Some Savers in Cyprus May Lose 60 Percent - OGinparadise
http://www.nytimes.com/2013/03/30/business/global/some-savers-in-cyprus-may-lose-60-percent.html?_r=0

======
OGinparadise
IMo, they are at least three issues with Cyprus: donor fatigue, even though
the amount is tiny relatively speaking.

EU hates small islands that act as money laundering /low tax heavens.

Lastly, this: _"In 2004, Greek Cypriots again defied international
expectations when they voted down a United Nations-backed reunification plan
they believed was unfairly weighted against them.

A few days later, the island joined the European Union and some EU leaders
were left fuming at what they saw as Greek Cypriot deceit for promising to
sign up to a peace deal in exchange for EU membership.

Nearly a decade later and European acrimony at the Cypriot "no" hasn't
entirely dissipated.
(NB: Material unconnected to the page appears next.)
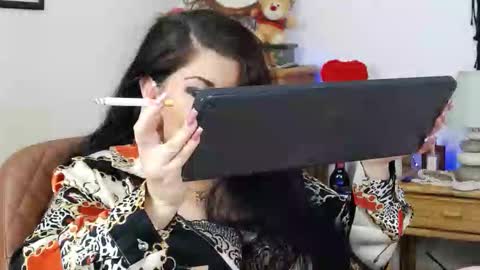 HellenMoon online show from 10-09-25, 06:55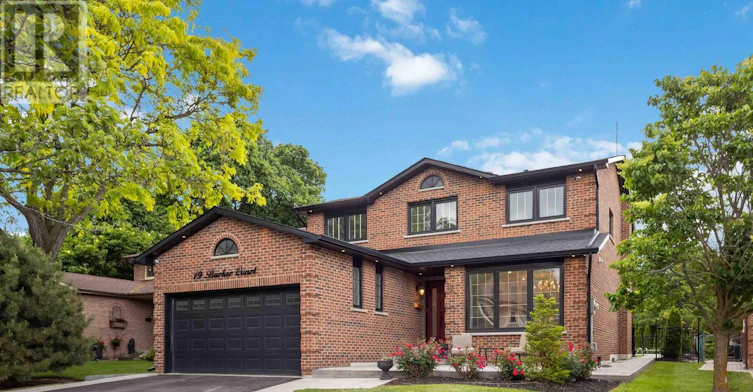 19 Barker Court, Markham, ON, L3P 3X9 - 2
German Finance Minister Wolfgang Schaueble told the
Sunday edition of German newspaper Welt am Sonntag that "Cyprus was admitted
to the EU in hopes that the plan of then-U.N. Secretary General Kofi Annan to
overcome the (island's) divide would be honored."

"I interpret (that) as indicating a sense of vindictiveness rather than
rational, result-oriented thinking." said University of Cyprus Associate
Professor Yiannis Papadakis._
[http://hosted2.ap.org/OHCAN/CREPnewswire/Article_2013-03-30-...](http://hosted2.ap.org/OHCAN/CREPnewswire/Article_2013-03-30-Defiant%20Cyprus/id-
cf1a4dace5a04e6a9ad2891e78a86769)